Activate libraries and import data

This chapter makes use of the igraph R package, and so you’ll need to install and activate that package, as well as litmath.

library(igraph)
library(litmath)
library(litmathdata)

Basic graph of the whole

All data for the chapter is drawn from a co-publication network of authors, printers, and booksellers, drawn from the Phase I release of the Early English Books Online corpus, published by the Text Creation Partnership (EEBO-TCP). The data is stored as an igraph data object, called eebo_network in the litmathdata package. The chapter begins with a simple visualization of the entire graph — or, more accurately, a subset of the whole, considering only people (nodes) who have at least twenty five connections. This filters out low-frequency nodes, who would otherwise clutter the visualization. Here’s the code for reproducing figure 1.2.

data("eebo_network")
g = eebo_network
subg = subgraph(g, which(degree(g) > 25))
V(subg)$name = ""
plot(simplify(subg), 
     layout = layout_with_drl(simplify(subg)),
     vertex.color = V(subg)$clust, 
     vertex.size = log(degree(subg)))

You’ll notice that each node is assigned a color. Those were based on a community-detection algorithm that has was run during analysis, the outcome of which is stored directly in the graph data. As I discuss in the chapter, the nodes of this graph sort loosely chronologically. People are most likely to be connected in the graph if they lived around the same time. The central nodes (light blue and green) represent members of the book trade who tended to be most active during the middle of the seventeenth century.

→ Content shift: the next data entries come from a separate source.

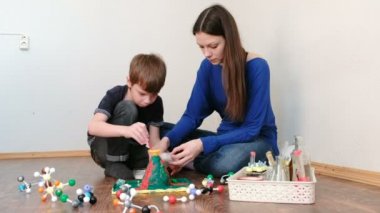 Anne ve oğlu kimyasal bir kil volkan ile deneme için huni içine uygulanan.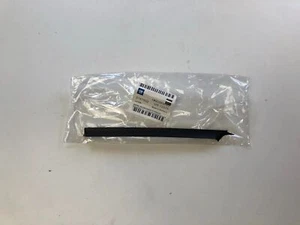 NUEVO NOS barra de techo cubierta trasera derecha original Opel Vectra B hatchback - Imagen 1 de 5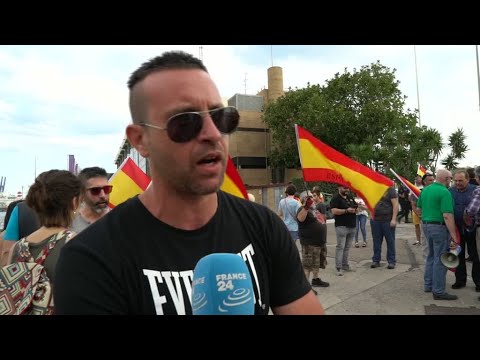 شاهدماقاله الإسبان عن وصول سفينة المهاجرين إلى بلادهم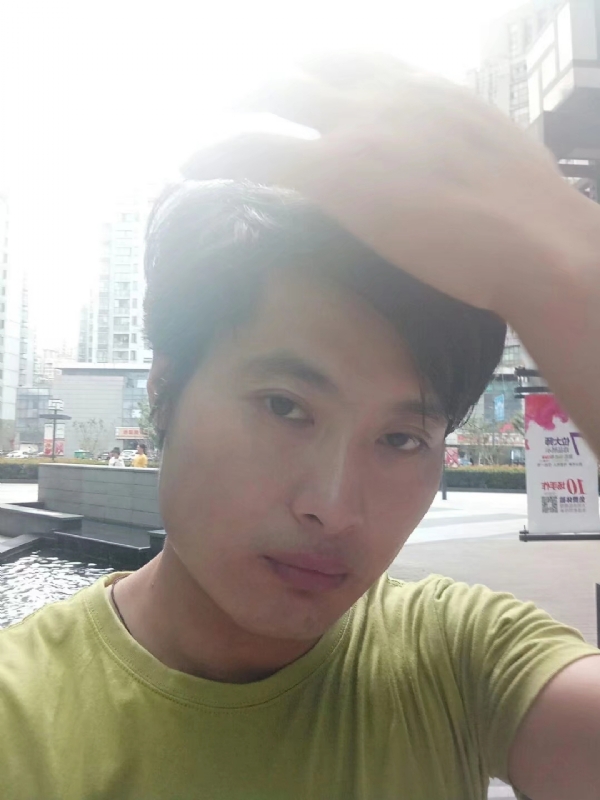钢铁侠的第一张照片--龙岩相亲服务中心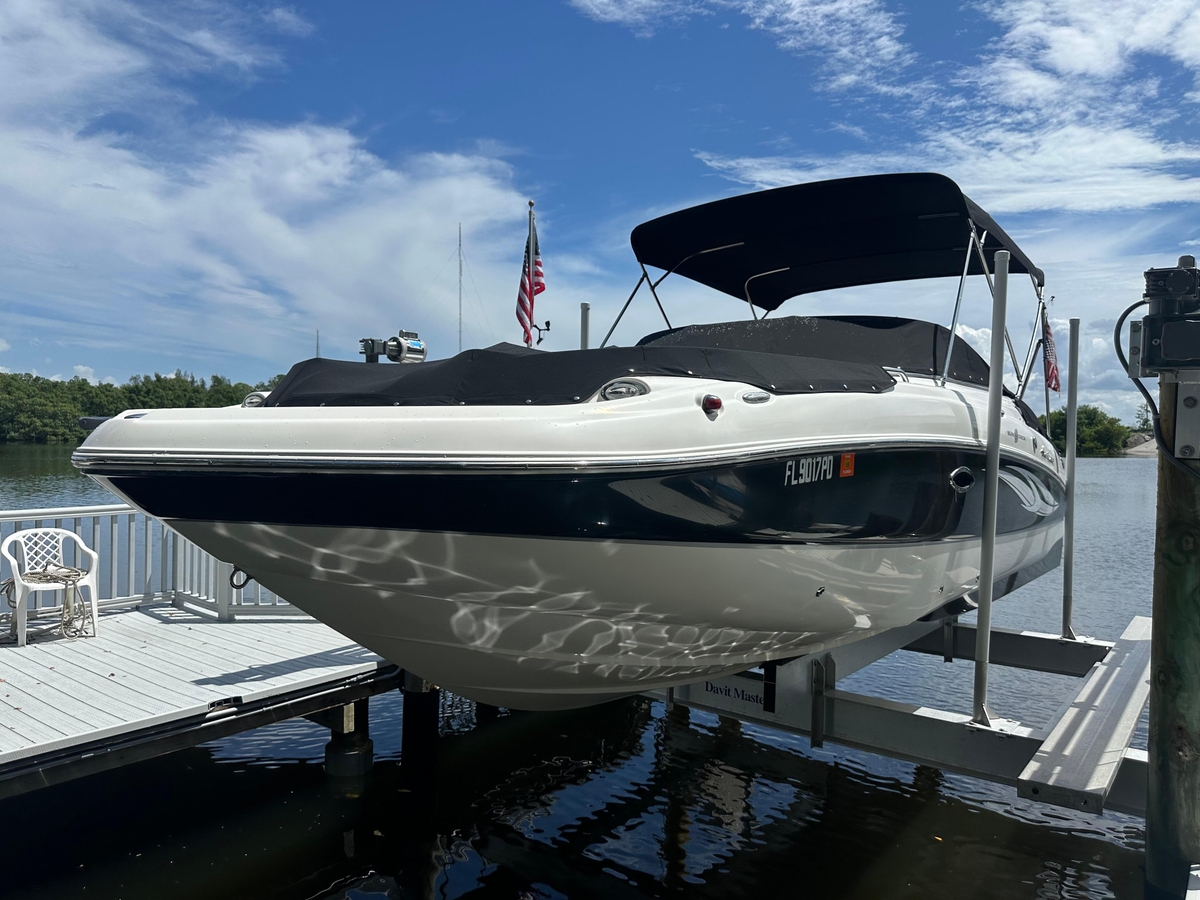 2011 Hurricane 2400 SunDeck OB - Sold Boat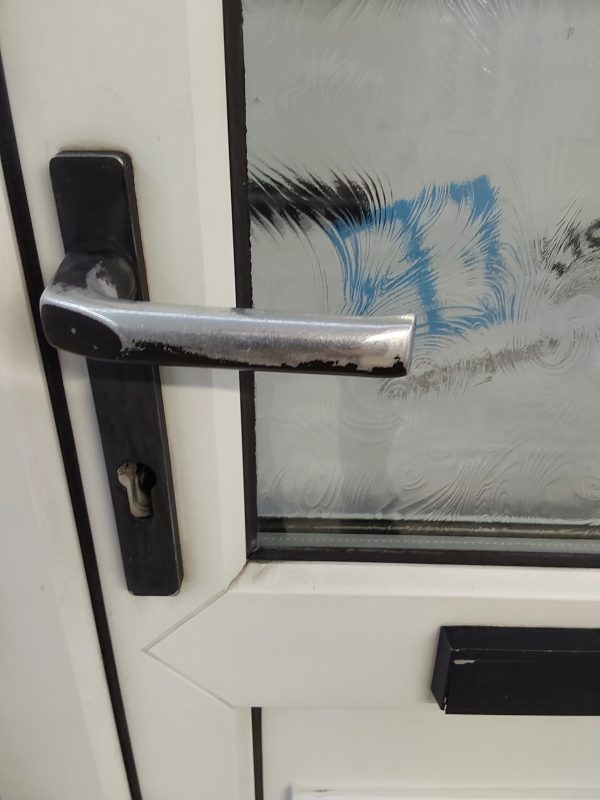 Used White Upvc Front Door 810mm x 2010mm C7D077 - Image 9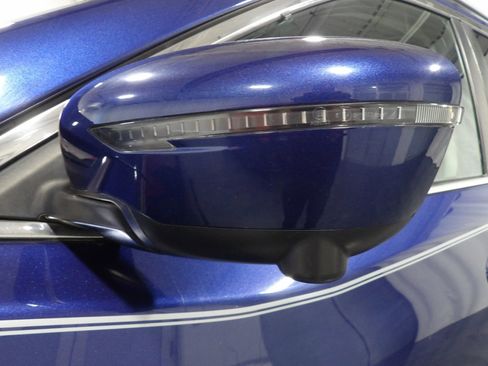 Used 2020 Nissan Rogue SL image 6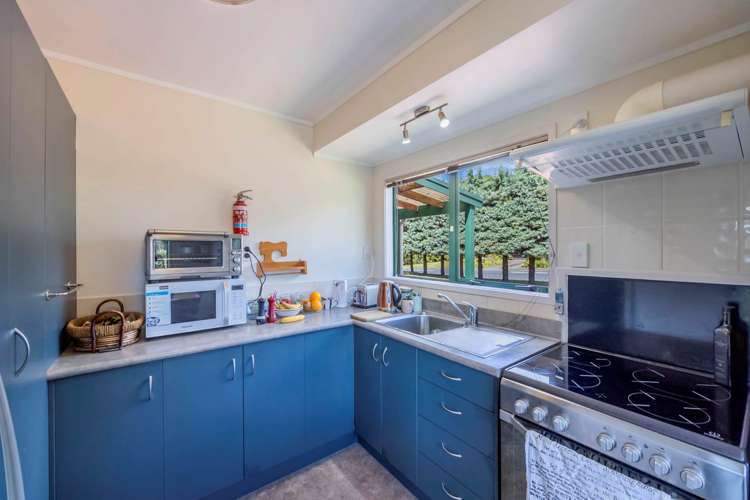 94 The Avenue Lucas Heights_13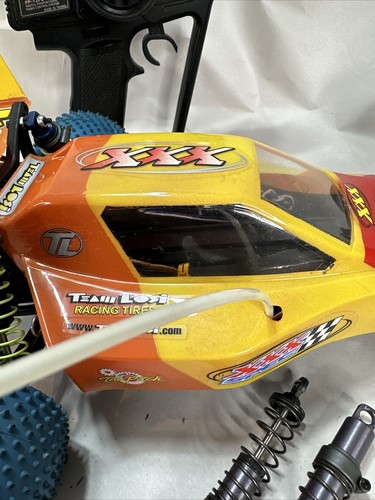 Team Losi Triple-X Racing Buggy XXX CR w Futaba Remote - NOT TESTED - Excellent - Picture 6 of 19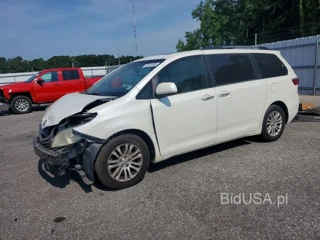 TOYOTA SIENNA XLE 8-PASSENGER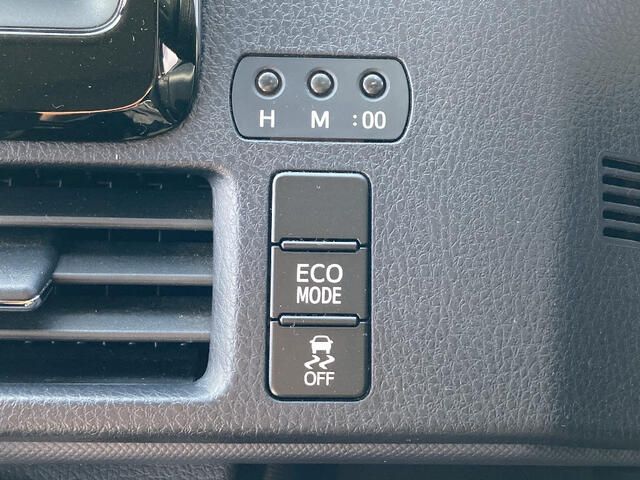 TOYOTA VOXY 4WD 2014 Image 31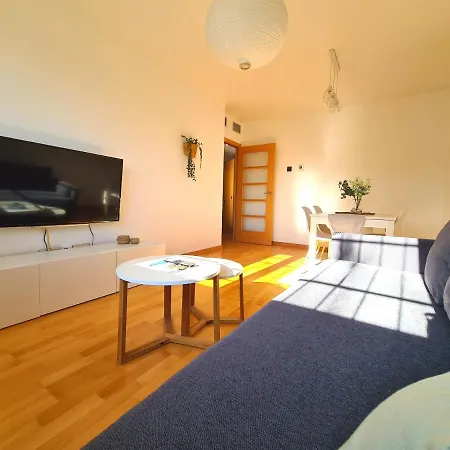 Apartamento Dos Torres Comarcas - Amplia Terraza Y Estacionamiento Gratuito *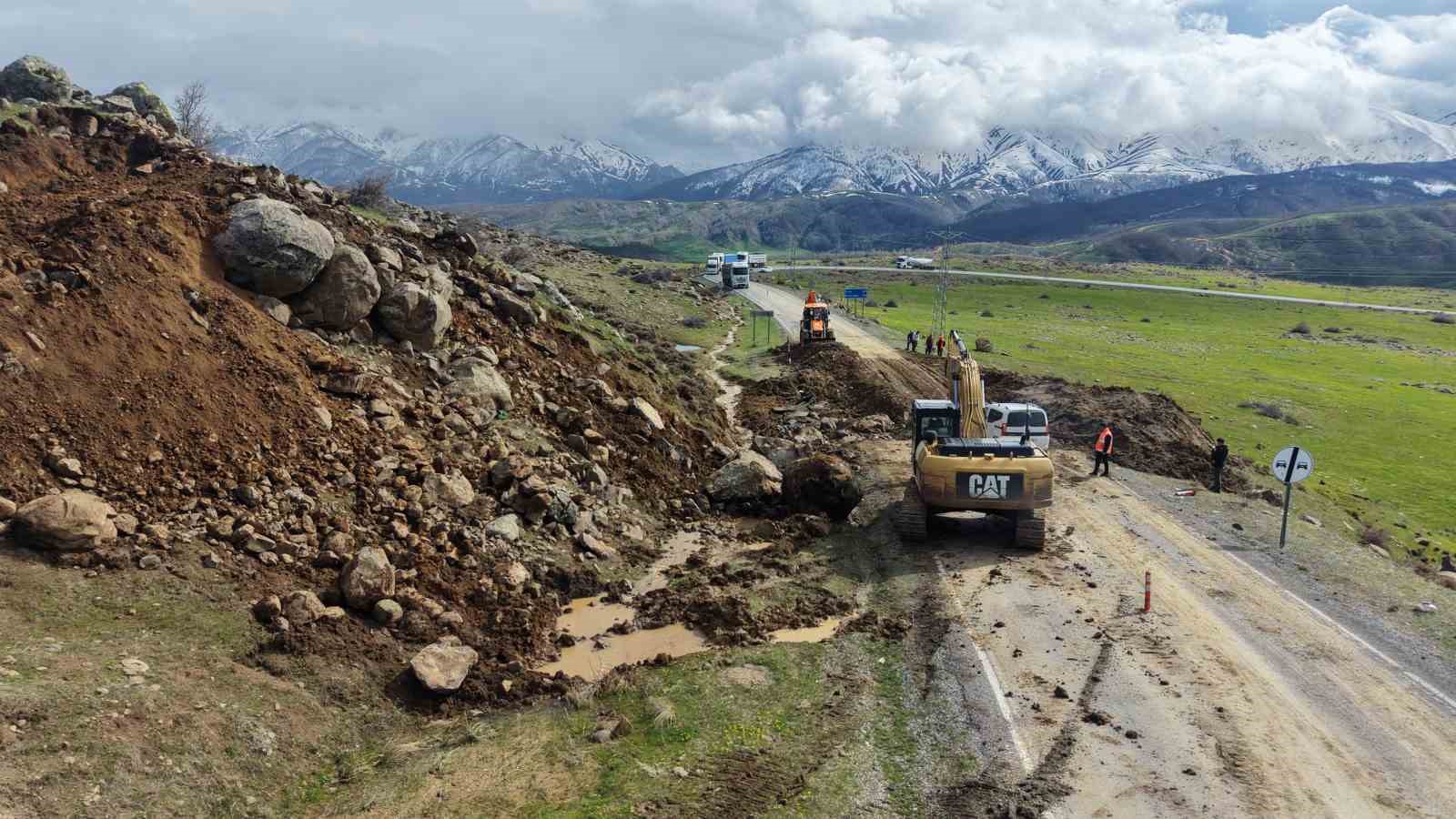 Muş’ta kara yolu çöktü
?v=1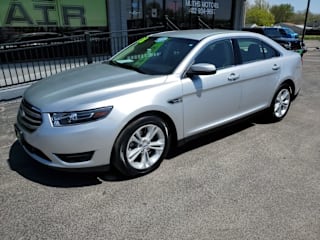 2018 Ford Taurus SEL 1FAHP2E82JG123595 2018 Ford Taurus SEL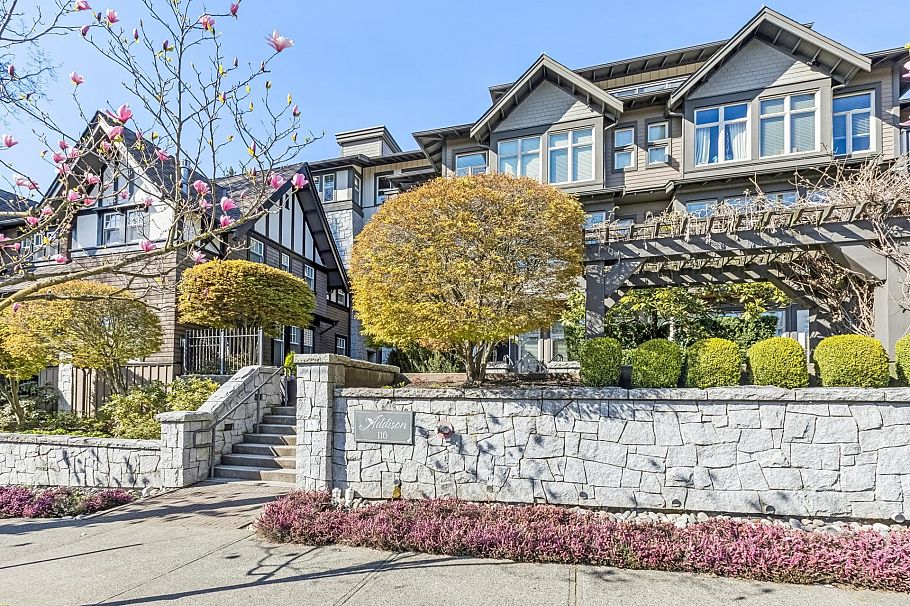 303 116 W 23rd Street North Vancouver, BC - 31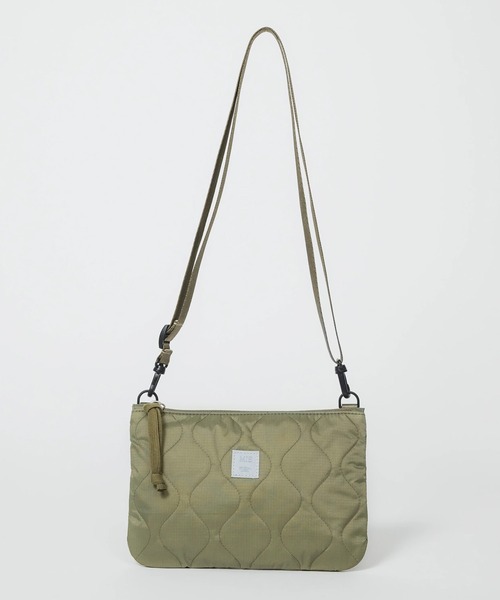 MIS(エムアイエス)の「【MIS】MILITARY QUILTED SACOSCH / ミリタリーキルトサコッシュ(ショルダーバッグ・レディース・ブルー/イエロー/ブラック/ピンク/グリーン/ベージュ・FREE)」の4枚目の写真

Next is the code for replicating Table 1.1, which compares top nodes by degree and betweenness. Using the igraph package, as you can see, the commands themselves are very simple.

d = degree(g)
b = betweenness(g)

# Top by degree
sort(d, decreasing = T)[1:10]

# Top by betweenness / degree
hits = which(d > 10) # To remove minor figures & outliers
sort(b[hits]/d[hits], decreasing = T)[1:10]

Analyzing the degree distribution

The degree is a measurement that indicates how many connections each node has. The degree distribution says how many nodes there are for each degree — how many people have just one connection, how many have two or three, and how many have hundreds. This is easy to find in R by just using the table() function to sort degree into groups.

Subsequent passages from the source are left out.